[tip: sched/urgent] sched/fair: Sanitize vruntime of entity being migrated

From: tip-bot2 for Vincent Guittot
Date: Wed Mar 22 2023 - 05:07:50 EST


The following commit has been merged into the sched/urgent branch of tip:

Commit-ID: a53ce18cacb477dd0513c607f187d16f0fa96f71
Gitweb: https://git.kernel.org/tip/a53ce18cacb477dd0513c607f187d16f0fa96f71
Author: Vincent Guittot <vincent.guittot@xxxxxxxxxx>
AuthorDate: Fri, 17 Mar 2023 17:08:10 +01:00
Committer: Peter Zijlstra <peterz@xxxxxxxxxxxxx>
CommitterDate: Tue, 21 Mar 2023 14:43:04 +01:00

sched/fair: Sanitize vruntime of entity being migrated

Commit 829c1651e9c4 ("sched/fair: sanitize vruntime of entity being placed")
fixes an overflowing bug, but ignore a case that se->exec_start is reset
after a migration.

For fixing this case, we delay the reset of se->exec_start after
placing the entity which se->exec_start to detect long sleeping task.

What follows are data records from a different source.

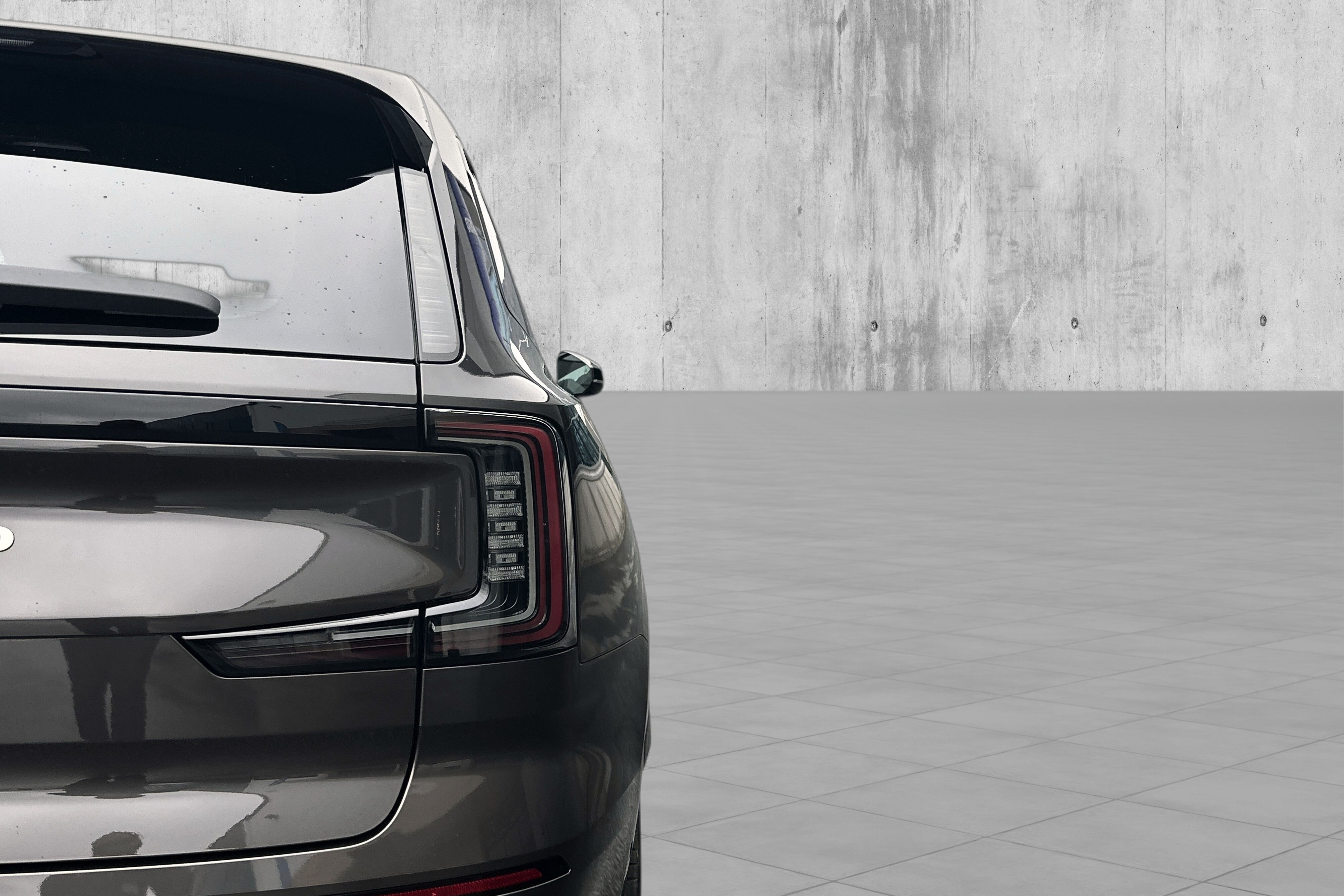 Volvo EX90 Twin Motor Performance bilde 8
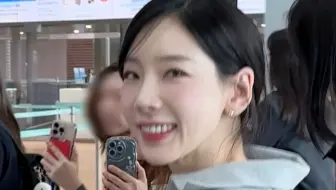 關於我關心泰妍姐姐手臂的傷這件事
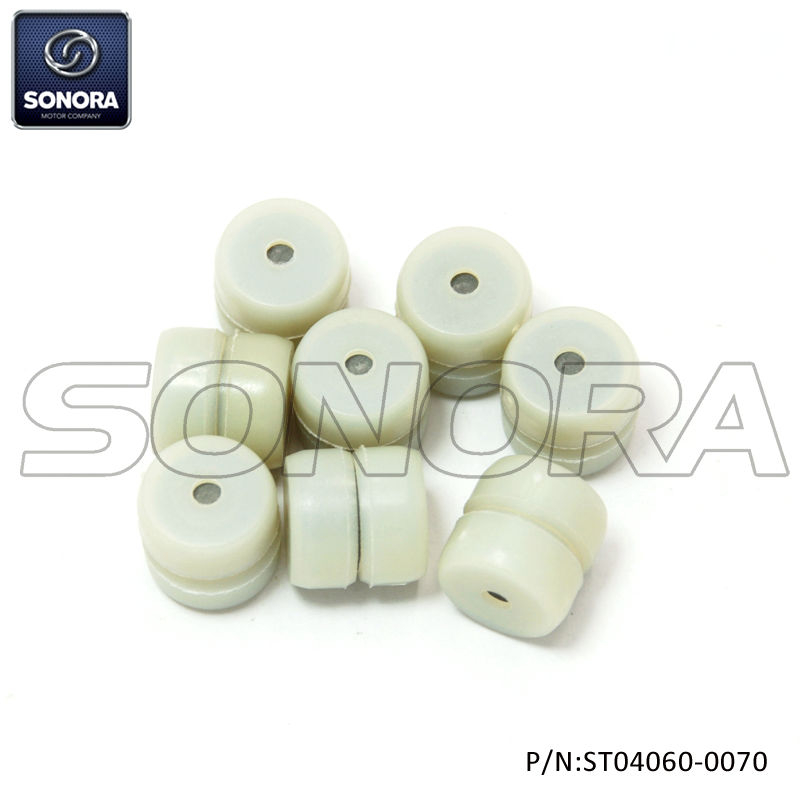 Conjunto de rodillos para Piaggio Ciao 8G (P / N: ST04060-0070) Calidad superior
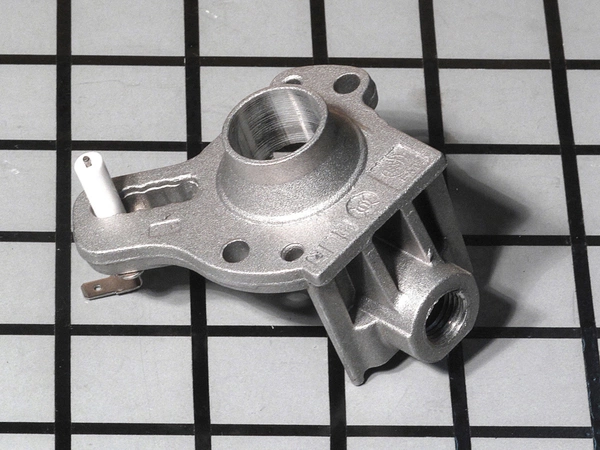WPW10407678 Whirlpool Orifice Holder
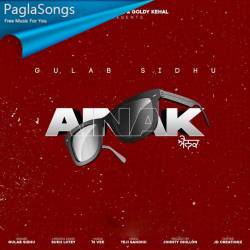 Ainak Poster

In order to take into account a possible divergence between the clock_task
of 2 rqs, we increase the threshold to around 104 days.

Fixes: 829c1651e9c4 ("sched/fair: sanitize vruntime of entity being placed")
Originally-by: Zhang Qiao <zhangqiao22@xxxxxxxxxx>
Signed-off-by: Vincent Guittot <vincent.guittot@xxxxxxxxxx>
Signed-off-by: Peter Zijlstra (Intel) <peterz@xxxxxxxxxxxxx>
Tested-by: Zhang Qiao <zhangqiao22@xxxxxxxxxx>
Link: https://lore.kernel.org/r/20230317160810.107988-1-vincent.guittot@xxxxxxxxxx
---
kernel/sched/core.c | 3 ++-
kernel/sched/fair.c | 55 +++++++++++++++++++++++++++++++++++---------
2 files changed, 47 insertions(+), 11 deletions(-)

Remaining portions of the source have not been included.